2006年 08月 17日
French Book Art/Livres d'Artistes: Artists and Poets in Dialogue |
少し前のことですが、素晴らしい展覧会に行ってきました。
数日中に追記します。
NY Public Libraryのサイトより。
19世紀末に始まった、フランスに於ける詩人と画家とのコラボレーションによって生まれた作品を一同に集めた展覧会。展示作品の殆どが、会場となったNY市立図書館と、パリ大学付属の Bibliothèque littéraire Jacques Doucet の所蔵品だそう。こんな素晴らしい作品が図書館に眠っているなんて!一般貸出の他に、本の収集・保存という図書館の重要な役割を再認識しました。
展覧会の紹介文に何度も出てくる "dualogue" という言葉に表れているように、(静的な)本文と挿絵という枠を超え、言葉が絵を、絵が言葉を刺激し合いながら作り上げられたのが "livres d'artistes"、「画家の本」ということになるのでしょう。
パンフレットによると、この新しい出版の形は、象徴主義、キュビズム、ダダイズム、シュールレアリズム、実存主義などの20世紀の美術史(芸術運動)の流れとともに発展を見せた。その先駈けとなったのが、1875年、1876年に相次いで発表されたマネとマラルメのコラボレーション。写真を見つけたので載せておきます。
エドガー・アラン・ポーの詩集 『大鴉』のマラルメによる仏訳版。マネのイラスト入りで1875年の出版。
もう一つの共作、『半獣神の午後』はこちらに写真があります。1876年刊。
他に、展示会で特に気に入った作品の写真を探したので、年代順に載せます。
1918年刊の、トリスタン・ツァラとハンス・アルプによる共作、"Vingt Cinq Poèmes"。
(このアイオワ大学図書館のダダ・コレクションはものすごく充実してそう。時間があるときにゆっくり眺めてみます。)
アポリネールとデ・キリコの "Calligrammes"(1930年)。波打つような活字の並べ方が素敵。ちょっと前に「ハード・ロック・カフェ」に展示されていたジョン・レノン自筆(というか自タイプ)の手紙のタイプ文字が、渦を巻いていたり躍動感に溢れていて感動したけれど、彼のオリジナルという訳ではなかったのか・・・。
ジャン・デュビュッフェ作・絵の "Ler dla canpane (Dee Contree Err)" という作品がとても面白かった。"L'Air de la campagne" というのを聞こえるままに綴ったもの。品質の悪い紙やインクを強調し、わざと粗野で綴りのめちゃくちゃな文章にしたそうです。1948年刊。

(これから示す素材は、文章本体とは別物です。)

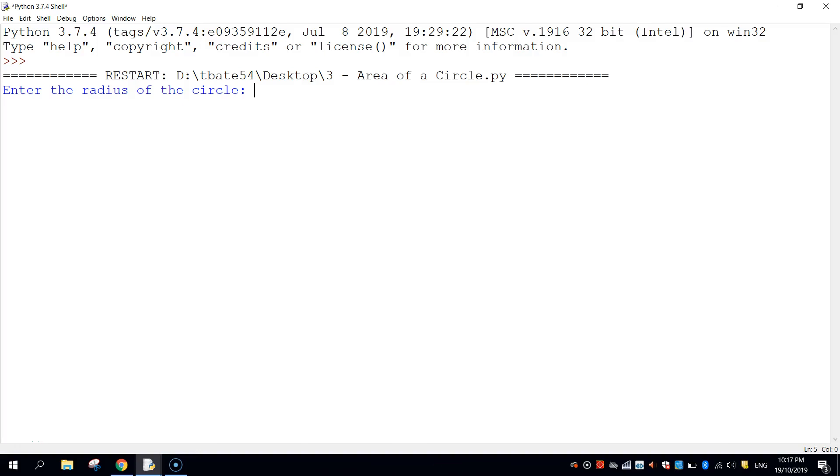In today's video we're going to be using Python to create a simple app that calculates the area of a circle. All we need to get from the user is the value of the radius, and from there we'll get Python to calculate using the formula pi r squared and work out what the area of the circle is.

こちらは、ポール・エリュアールの "Liberté j’ecris ton nom" という詩。イラストはフェルナンド・レジェ。叫び声が聞こえてくる気がして胸が締め付けられそうになりました。レジスタンスの一員だったエリュアールの、抑圧からの解放を詠んだこの詩は、フランスの小学校で暗誦させられるほどの重要作品なんだとか。
製本、レタリング、紙、などに目がない私には、この展覧会はとてもツボにはまるものでした。
本文が読めれば、もっともっと楽しめたんでしょうけど。
順路の最後にあるポートレートの小部屋もよかったです。
でも、何よりも素晴らしかったのは展覧会場前に山と積まれていたパンフレット。
主な作品の紹介はもちろんのこと、それらの作品が生まれた背景として、仏文化・政治・社会史などと照らし合わせた年表つき。今まであまり考えたことのない、芸術運動と時代の流れの相互影響について考えるきっかけを与えてくれました。
==========
という訳で、大変遅くなりましたが追記しました。
またまた一ヶ月ぐらい間が開いてしまいましたが、その間に撮りだめた写真を少しずつアップしてます。思いっきり季節外れなものも多いですが。